As a TV writer from the North of England working in an industry that gravitates around the south, Lisa shares her experiences of regionality and offers her view on how things need to change.
Even now, the regions are often viewed as the poor cousin of London and the South in the TV world. Regional work is often not taken seriously and there can be a blinkered view of the regions’ capabilities and opportunities. Further, age-old stereotyping is still common and Northern accents are often greeted with patronising assumptions and questions. Lisa suggests that a Northern accent continues to be equated with a working class background and that this can present difficulties for people trying to break into or progress in an industry dominated by the middle and upper classes. It’s no surprise that many people leave the industry because they are made to feel that their voice doesn’t fit.

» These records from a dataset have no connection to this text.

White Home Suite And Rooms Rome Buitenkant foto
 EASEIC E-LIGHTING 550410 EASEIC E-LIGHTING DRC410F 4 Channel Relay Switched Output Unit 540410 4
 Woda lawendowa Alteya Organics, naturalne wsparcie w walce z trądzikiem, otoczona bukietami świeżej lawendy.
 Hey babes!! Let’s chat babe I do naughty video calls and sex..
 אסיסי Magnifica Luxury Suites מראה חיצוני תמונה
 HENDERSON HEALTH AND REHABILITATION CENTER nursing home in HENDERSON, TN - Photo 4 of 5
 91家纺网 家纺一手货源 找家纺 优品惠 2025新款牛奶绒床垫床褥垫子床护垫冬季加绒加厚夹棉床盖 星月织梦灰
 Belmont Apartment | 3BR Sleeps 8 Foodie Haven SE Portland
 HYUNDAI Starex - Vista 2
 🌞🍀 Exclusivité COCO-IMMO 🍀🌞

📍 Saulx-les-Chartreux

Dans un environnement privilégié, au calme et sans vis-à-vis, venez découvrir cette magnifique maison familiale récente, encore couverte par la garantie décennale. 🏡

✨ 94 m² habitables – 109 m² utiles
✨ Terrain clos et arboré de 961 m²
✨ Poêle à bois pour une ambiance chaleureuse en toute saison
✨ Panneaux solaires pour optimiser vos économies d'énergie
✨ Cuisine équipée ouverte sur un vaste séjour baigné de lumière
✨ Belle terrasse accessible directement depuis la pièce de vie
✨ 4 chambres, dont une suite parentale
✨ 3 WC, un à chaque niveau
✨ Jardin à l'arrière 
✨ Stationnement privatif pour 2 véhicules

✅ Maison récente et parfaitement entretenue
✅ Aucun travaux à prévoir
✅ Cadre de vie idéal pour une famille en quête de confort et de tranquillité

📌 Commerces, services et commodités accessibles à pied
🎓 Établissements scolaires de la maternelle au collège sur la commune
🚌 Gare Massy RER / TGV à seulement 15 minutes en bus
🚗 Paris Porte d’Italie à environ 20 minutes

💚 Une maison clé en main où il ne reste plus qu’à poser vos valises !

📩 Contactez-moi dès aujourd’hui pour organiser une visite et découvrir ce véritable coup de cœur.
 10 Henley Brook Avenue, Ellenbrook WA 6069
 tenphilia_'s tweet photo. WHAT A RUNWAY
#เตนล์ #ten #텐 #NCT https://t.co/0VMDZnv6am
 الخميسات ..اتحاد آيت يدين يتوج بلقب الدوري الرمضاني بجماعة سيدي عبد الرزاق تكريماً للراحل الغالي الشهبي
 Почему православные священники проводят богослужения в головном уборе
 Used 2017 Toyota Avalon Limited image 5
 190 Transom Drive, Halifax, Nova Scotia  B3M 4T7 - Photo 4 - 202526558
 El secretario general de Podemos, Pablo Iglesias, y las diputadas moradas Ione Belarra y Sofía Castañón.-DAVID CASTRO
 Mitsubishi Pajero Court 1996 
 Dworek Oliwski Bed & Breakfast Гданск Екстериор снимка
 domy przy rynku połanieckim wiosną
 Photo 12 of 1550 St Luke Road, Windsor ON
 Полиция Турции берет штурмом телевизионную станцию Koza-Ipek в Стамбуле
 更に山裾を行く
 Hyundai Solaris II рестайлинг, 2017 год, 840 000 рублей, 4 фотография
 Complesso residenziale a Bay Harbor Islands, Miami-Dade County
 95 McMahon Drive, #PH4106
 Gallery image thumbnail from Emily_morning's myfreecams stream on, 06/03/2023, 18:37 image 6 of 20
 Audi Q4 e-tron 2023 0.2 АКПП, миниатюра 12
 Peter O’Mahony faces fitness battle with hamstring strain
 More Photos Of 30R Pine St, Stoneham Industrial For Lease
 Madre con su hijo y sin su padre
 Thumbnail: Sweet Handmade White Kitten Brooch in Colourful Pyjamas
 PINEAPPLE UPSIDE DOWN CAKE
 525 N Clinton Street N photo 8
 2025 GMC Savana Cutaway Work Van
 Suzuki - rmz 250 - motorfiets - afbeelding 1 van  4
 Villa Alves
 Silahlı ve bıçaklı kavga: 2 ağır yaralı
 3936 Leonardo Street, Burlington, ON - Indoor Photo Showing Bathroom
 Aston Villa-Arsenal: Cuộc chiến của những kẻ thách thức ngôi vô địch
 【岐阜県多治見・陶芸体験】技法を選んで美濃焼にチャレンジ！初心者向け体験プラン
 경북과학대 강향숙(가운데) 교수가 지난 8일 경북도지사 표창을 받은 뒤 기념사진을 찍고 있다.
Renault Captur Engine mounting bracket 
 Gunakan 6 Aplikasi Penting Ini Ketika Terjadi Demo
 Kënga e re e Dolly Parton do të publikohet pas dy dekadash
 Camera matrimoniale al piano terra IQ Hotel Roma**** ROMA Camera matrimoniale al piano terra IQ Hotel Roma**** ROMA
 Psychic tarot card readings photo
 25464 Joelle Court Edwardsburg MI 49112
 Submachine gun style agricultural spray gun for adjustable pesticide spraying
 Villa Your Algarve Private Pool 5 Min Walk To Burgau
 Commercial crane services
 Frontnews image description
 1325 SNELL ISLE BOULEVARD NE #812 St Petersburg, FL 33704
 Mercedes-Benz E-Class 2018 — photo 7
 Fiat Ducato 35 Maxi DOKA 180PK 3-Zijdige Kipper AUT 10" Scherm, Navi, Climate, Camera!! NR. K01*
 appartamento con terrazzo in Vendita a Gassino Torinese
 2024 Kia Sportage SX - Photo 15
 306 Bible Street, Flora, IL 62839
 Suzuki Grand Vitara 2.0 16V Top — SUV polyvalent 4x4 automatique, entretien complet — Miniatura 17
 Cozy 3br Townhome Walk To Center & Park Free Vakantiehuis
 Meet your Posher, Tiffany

Much of this could be down to the limited world view of senior executives and this is where change is needed. Although the industry needs people from all underrepresented groups to work their way up, this ‘trickle up’ approach will take generations to deliver the changes that are needed now. As such, there needs to be much better recruitment now into senior positions to ‘level up’ the industry and achieve much needed improvements in levels of diversity.